Filsafat abad pertengahan mencoba, selama ribuan tahun lamanya, untuk menemukan sintesis antara berbagai tradisi pemikiran yang diwarisinya, seperti Kristen, Yahudi, Islam (melalui penularan) dan dari Zaman Klasik.

Karena dominasi Kristen dalam budaya abad pertengahan, sebagian besar penulis fundamental Antiquity, seperti Plato, Socrates atau Aristoteles, tidak dapat diakses karena sensor dan larangan pengaruh “kafir”. Paradoksnya, banyak dari mereka datang melalui terjemahan Muslim, karena budaya Arab lebih terbuka terhadap pengaruh dari masa lalu.

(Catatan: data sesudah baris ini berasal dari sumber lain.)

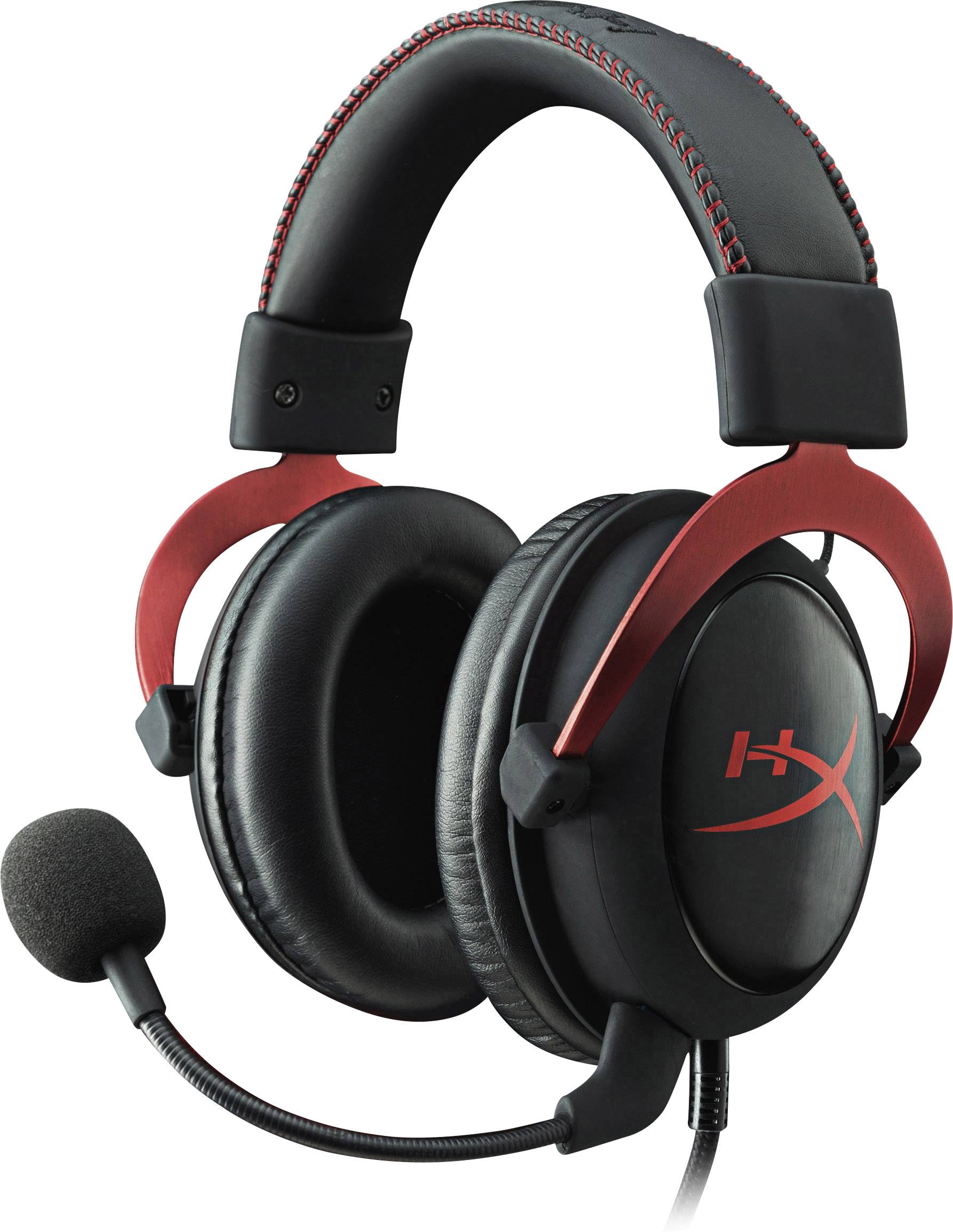 HyperX Cloud II Gaming Over Ear Headset kabelgebunden 7.1 Surround Rot Noise Cancelling Lautstärker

Terjemahan ini memungkinkan masuknya kembali Aristoteles, yang merupakan nama yang banyak disebut setelah abad kedua belas, mempengaruhi karya penulis seperti Ramón Llull, Tomás de Aquino, Guillermo de Ockham dan Juan Duns Scoto, sementara penulis sebelumnya lainnya seperti Agustín de Hipona, Juan Escoto Erígena atau Anselmo de Canterbury adalah afiliasi Platonis.

Tema sentral filsafat abad pertengahan berkaitan dengan iman, akal, sifat dan keberadaan ilahi, masalah kejahatan, kehendak bebas manusia, dan hal-hal lain yang mencerminkan cara di mana dunia ilahi dan duniawi saling menembus. Gagasan sains cararn, pengetahuan empiris, dan eksperimen tidak ada dalam mentalitas waktu itu.